((
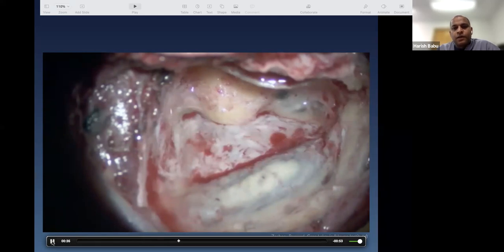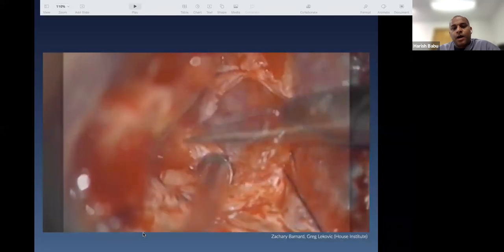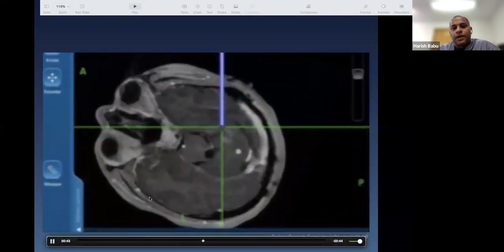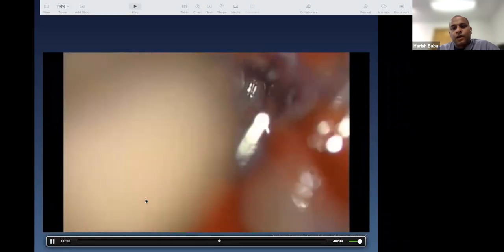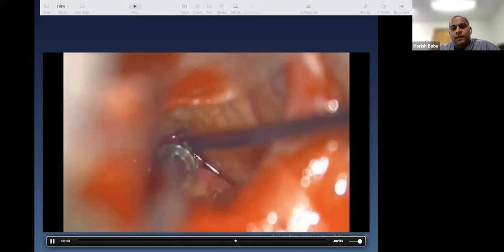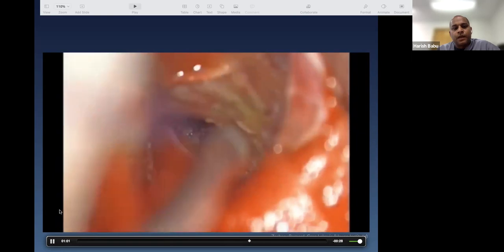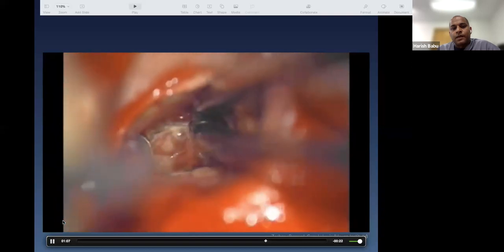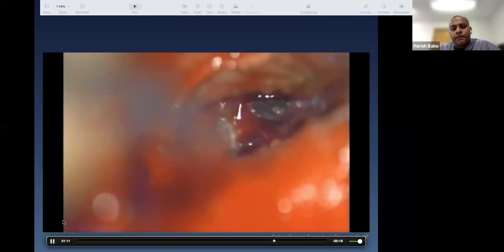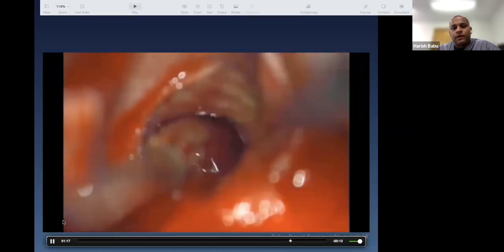The dura is opened and you enter the cerebellopontine angle. Intraoperative navigation confirms the exact target location. A small corticotomy is made — cavernous malformations typically have hemosiderin staining on top of them, giving them the classic mulberry appearance. Under the microscope, microdissection allows the malformation to come out in one piece, with surrounding hemorrhage cleaned up for a clean resection.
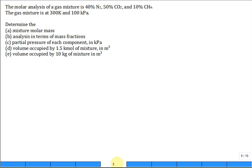The molar analysis of a gas mixture is 40% nitrogen, 50% CO2, and 10% methane. Given the temperature and pressure of that gas mixture, determine the mixture molar mass, then determine the analysis in terms of mass fractions, then determine the partial pressure of each component, then determine etc. So we'll take it one step at a time.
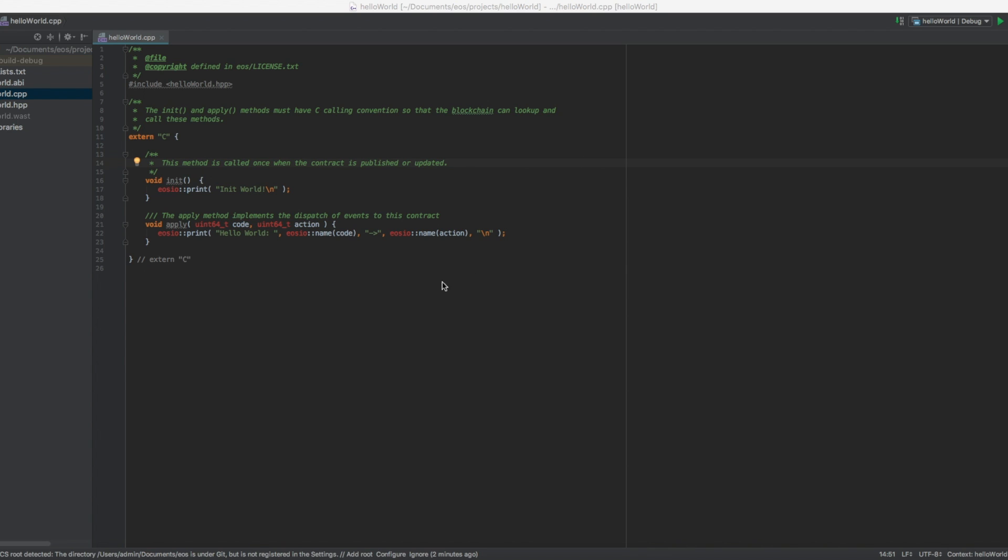Once you have that opened up, you can see that there have been two functions created here. We have the init function which, as it says here, is being called once when the contract is published or updated, which you're going to see when we publish this contract. And then we have the apply method which will implement and handle all of the actions, all of the messages, all of the events that we send to this contract.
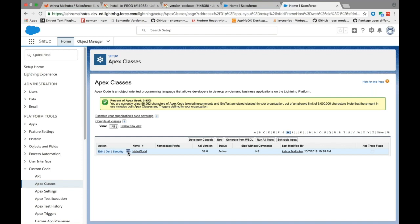You can also run these commands locally from inside your Appirio DX Salesforce DX project but it is recommended to run them using the CI jobs to keep the traceability of when something was published and installed and by whom.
))
[DIRECTIONS FOR THIS TASK] Copy word for word every line from the start of the material through the line holding "The molar analysis". The pictures are not part of the copy.

[YOUR RESPONSE]
The dura is opened and you enter the cerebellopontine angle. Intraoperative navigation confirms the exact target location. A small corticotomy is made — cavernous malformations typically have hemosiderin staining on top of them, giving them the classic mulberry appearance. Under the microscope, microdissection allows the malformation to come out in one piece, with surrounding hemorrhage cleaned up for a clean resection.
The molar analysis of a gas mixture is 40% nitrogen, 50% CO2, and 10% methane. Given the temperature and pressure of that gas mixture, determine the mixture molar mass, then determine the analysis in terms of mass fractions, then determine the partial pressure of each component, then determine etc. So we'll take it one step at a time.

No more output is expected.